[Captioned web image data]
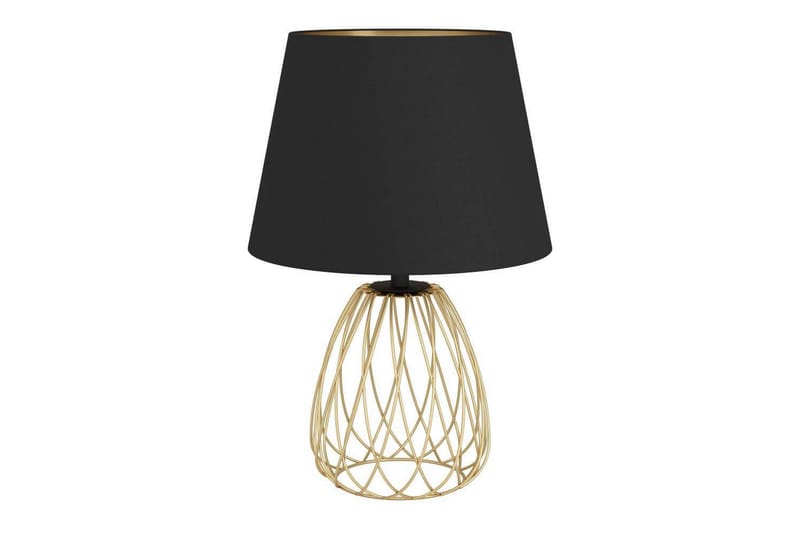 Bordlampe Eglo Jazminia Messing/Klar - Belysning - Lamper & indendørsbelysning - Sengelampe - Sengelampe bord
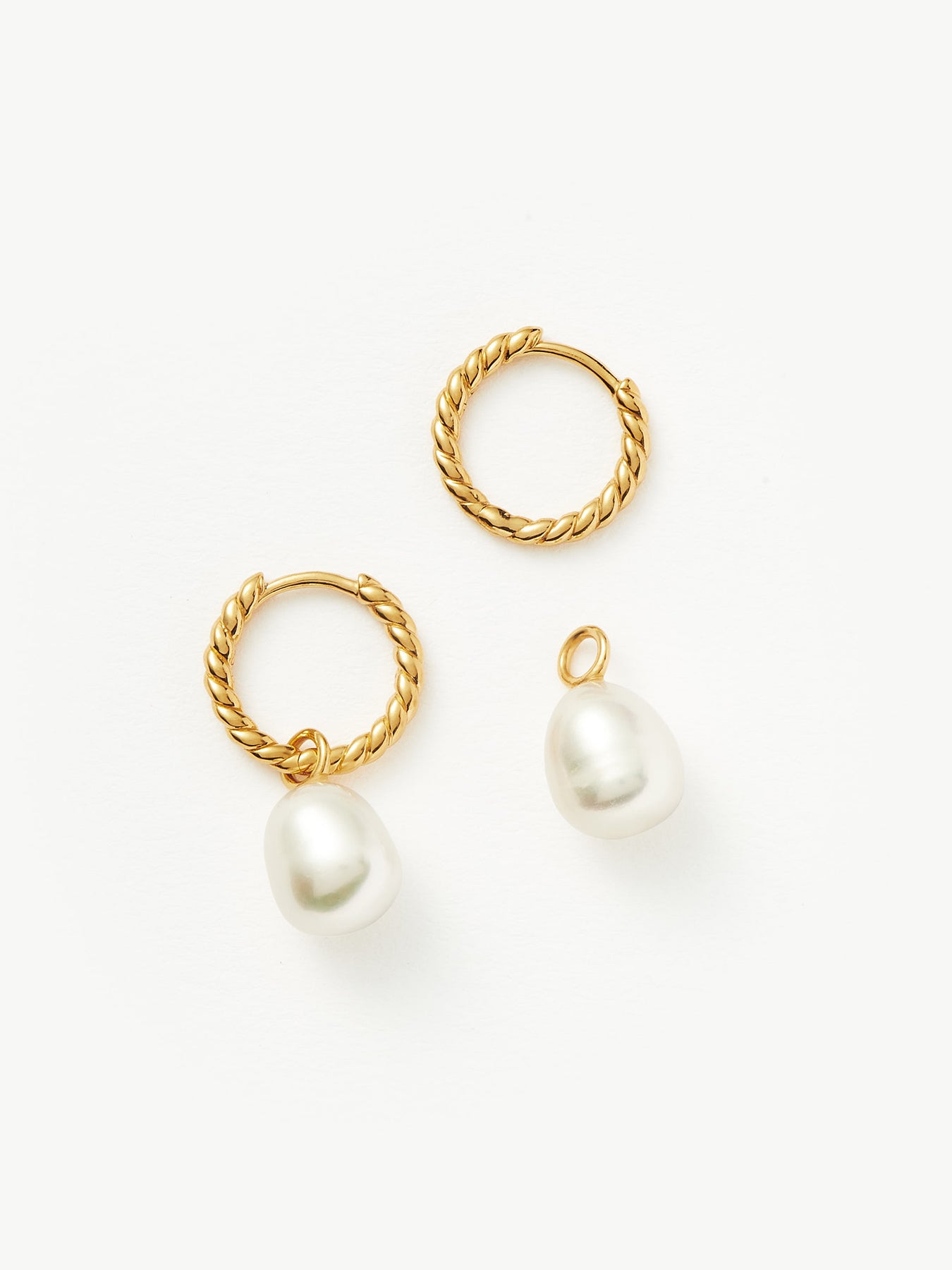 Pearl Drop Earrings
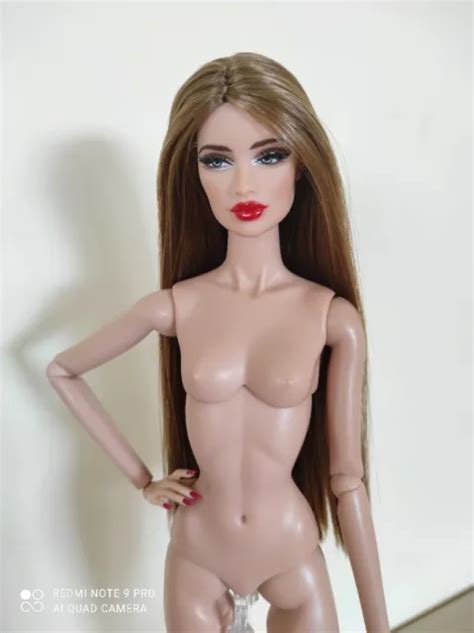 FASHION ROYALTY KYORI Repaint Reroot Nuface Nuda Nude Naked Doll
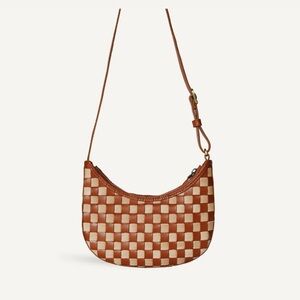 Bembien Mini Sling - CARAMEL X SIENNA CHECK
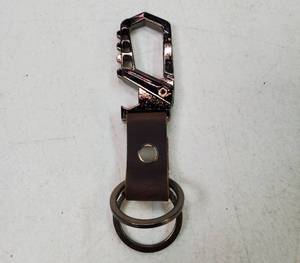 lot 29570 image: Heavy Duty Keychain Bottle Opener��Carabiner Clip Car Key Ring Versatile Metal Accessories - Retail $12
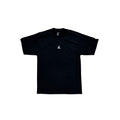 TAIGA Black T-Shirt with logo in front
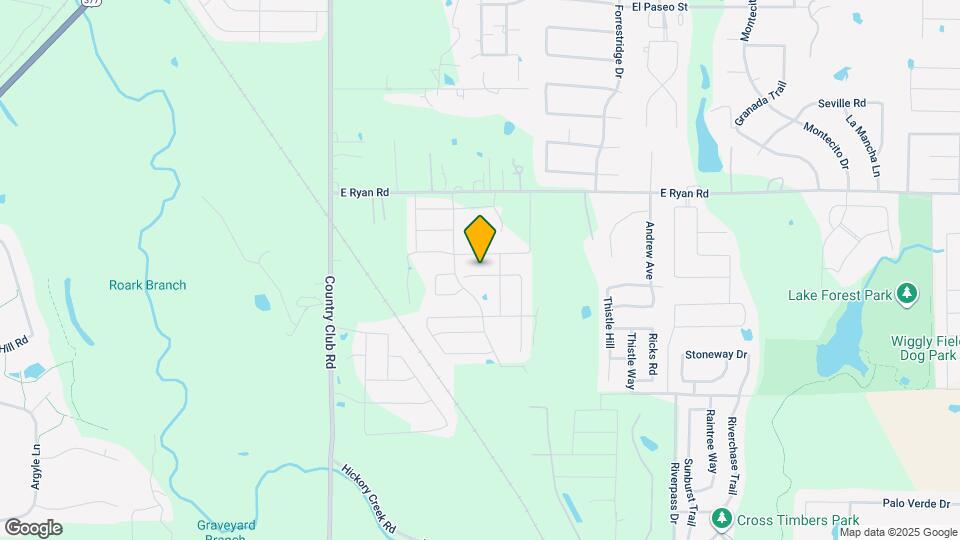 216 Sunken Meadow Ct Map and Location Details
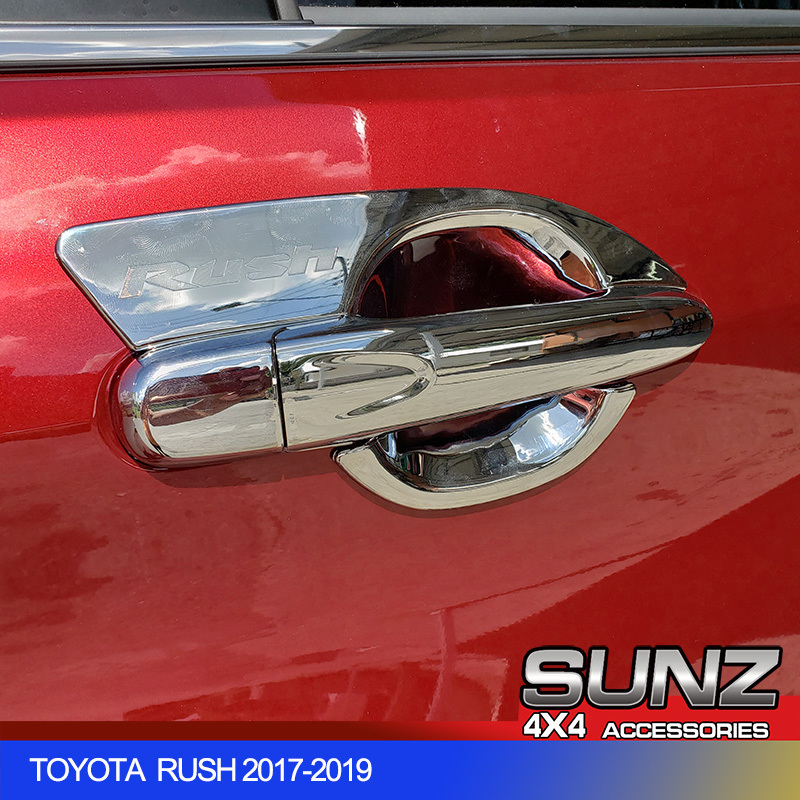 toyota rush door handle cover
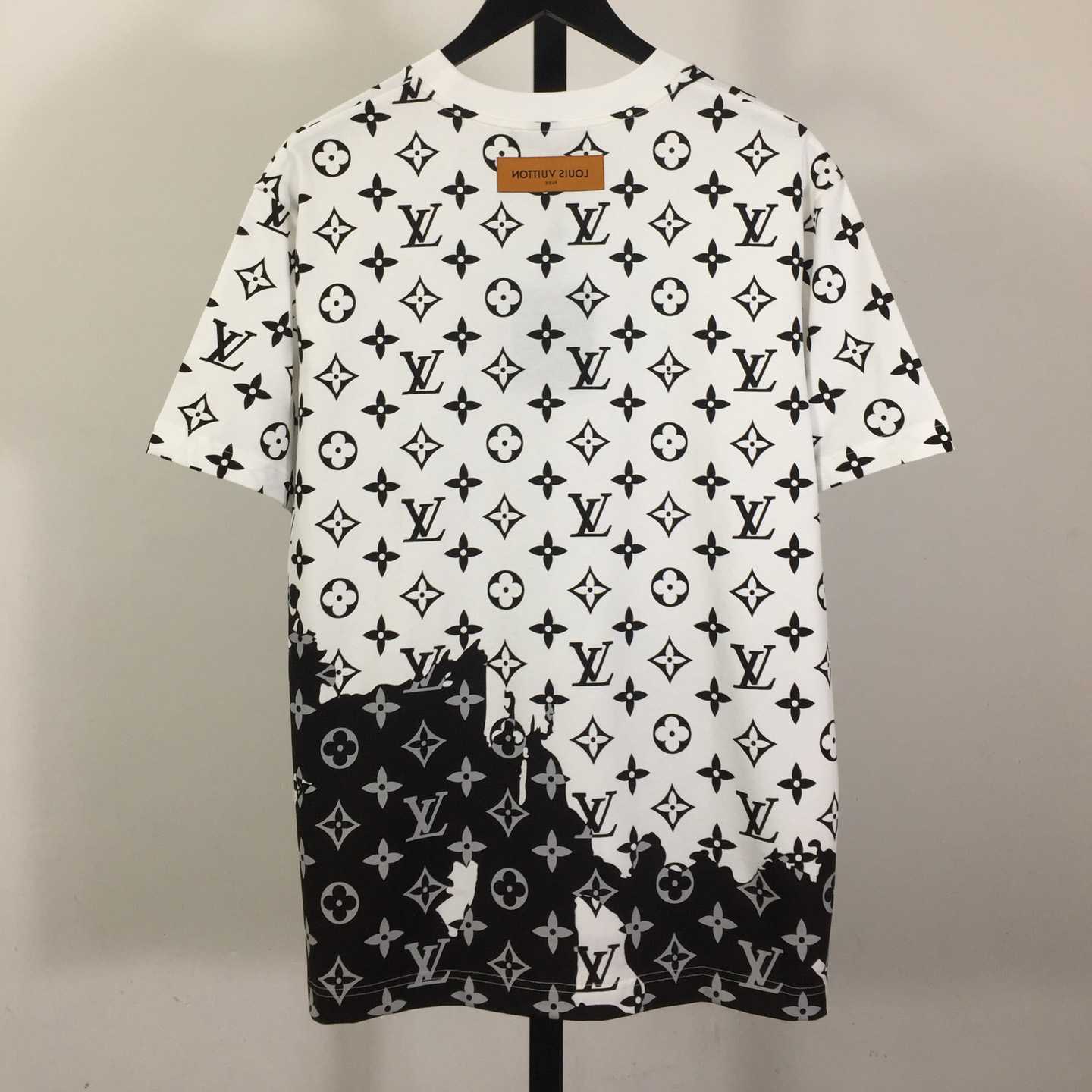Louis Vuitton Gradient Monogram Cotton T-Shirt     - EUR FASHION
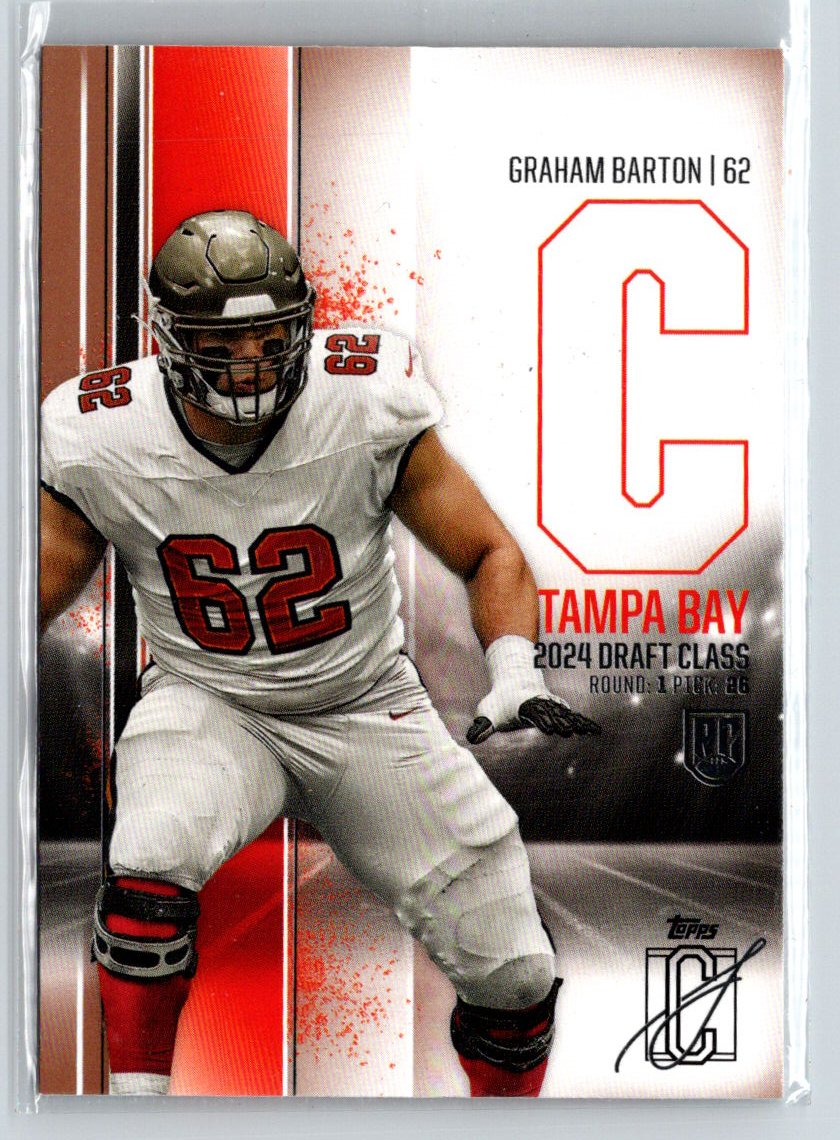 2024 Topps Signature Class #185 Graham Barton Z67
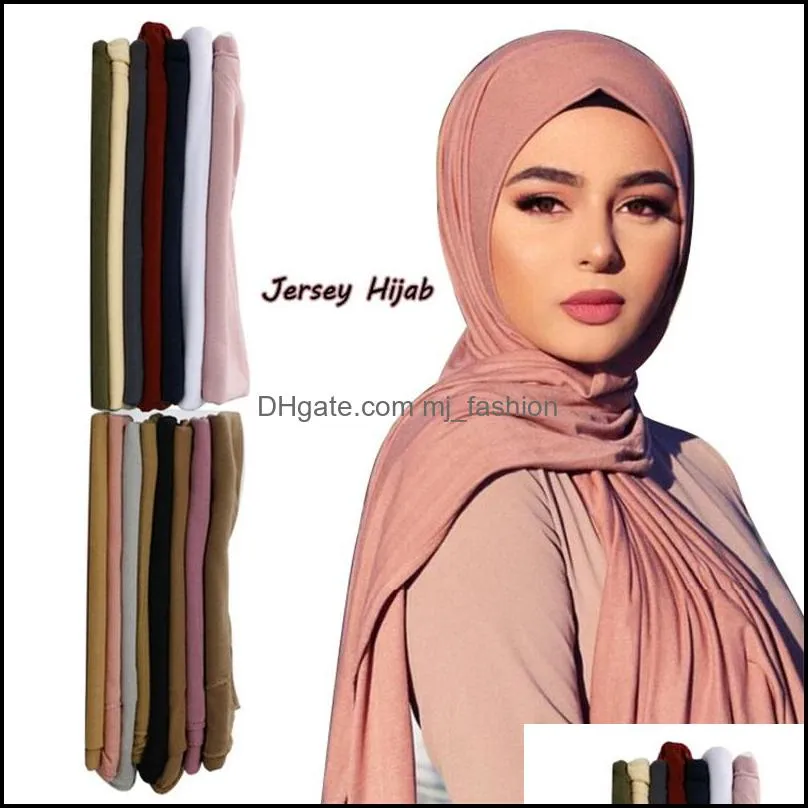 premium stretchy jersey maxi hijab scarf long shawl muslim head wrap plain colors 80cm x 180cm 589 t2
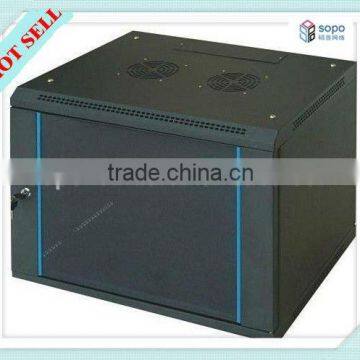 19'' 4-18U SPCC cold rolled steel Single Wall mounted Cabinet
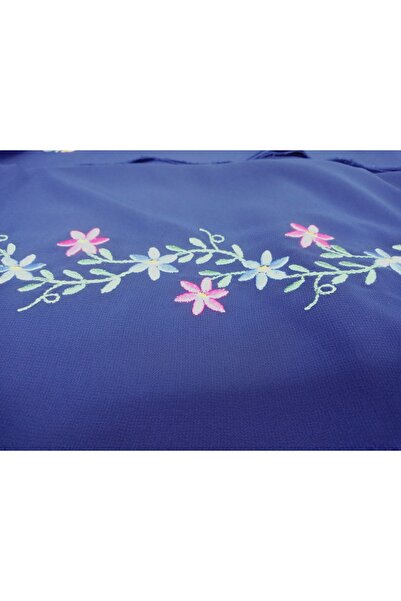 hoaryage Елегантна крепова тканина з вишуканим квітковим візерунком, покривало для молитви, весільна хустка без вишивки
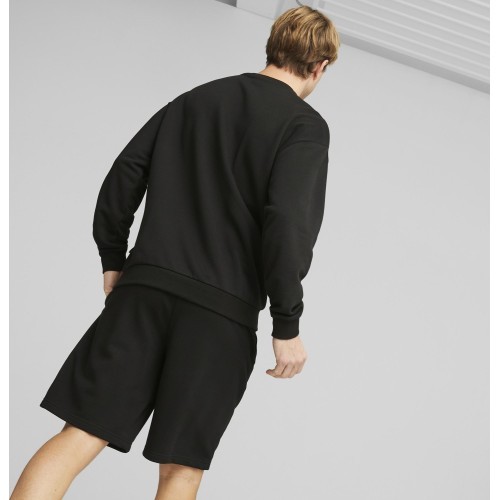 Puma Relaxed Sweat Men's Tracksuit Black 673308 01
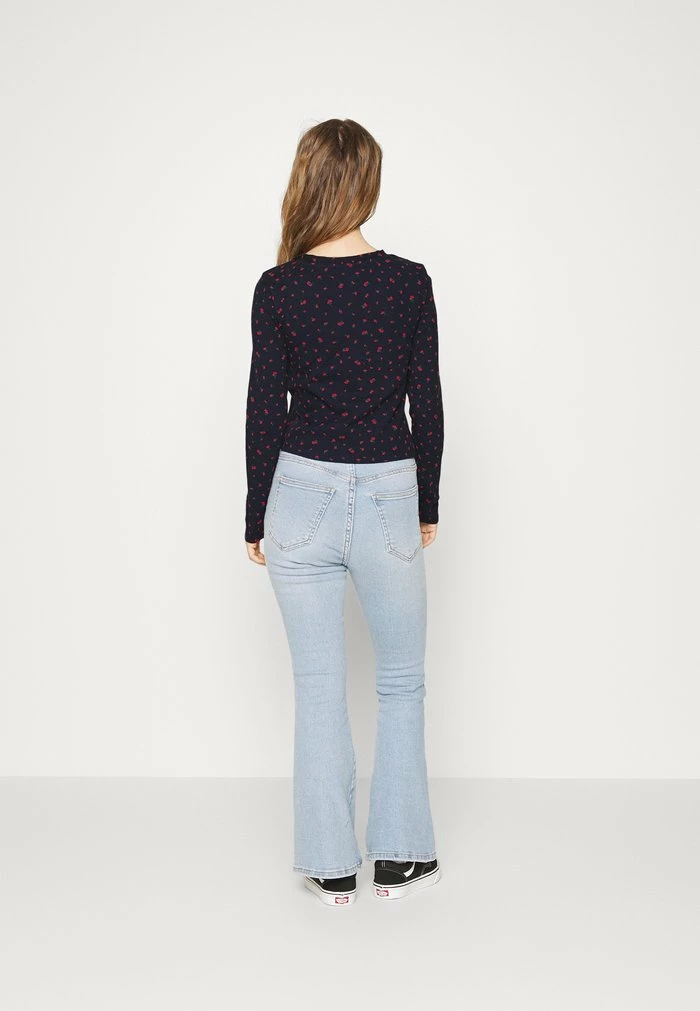 ONLY Petite ONLFLOWER V NECK CARDIGAN - Cardigan - Night Sky 5 ONLY Petite ONLFLOWER V NECK CARDIGAN - Cardigan - Night Sky - Image 3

WHAT YOU NEED TO DO:
Nothing but the lines from the one containing "Louis Vuitton Gradient" to the last line of the records should be returned, exactly as they appear and without pictures.

TASK OUTPUT:
Louis Vuitton Gradient Monogram Cotton T-Shirt     - EUR FASHION
 2024 Topps Signature Class #185 Graham Barton Z67
 premium stretchy jersey maxi hijab scarf long shawl muslim head wrap plain colors 80cm x 180cm 589 t2
 19'' 4-18U SPCC cold rolled steel Single Wall mounted Cabinet
 hoaryage Елегантна крепова тканина з вишуканим квітковим візерунком, покривало для молитви, весільна хустка без вишивки
 Puma Relaxed Sweat Men's Tracksuit Black 673308 01
 ONLY Petite ONLFLOWER V NECK CARDIGAN - Cardigan - Night Sky 5 ONLY Petite ONLFLOWER V NECK CARDIGAN - Cardigan - Night Sky - Image 3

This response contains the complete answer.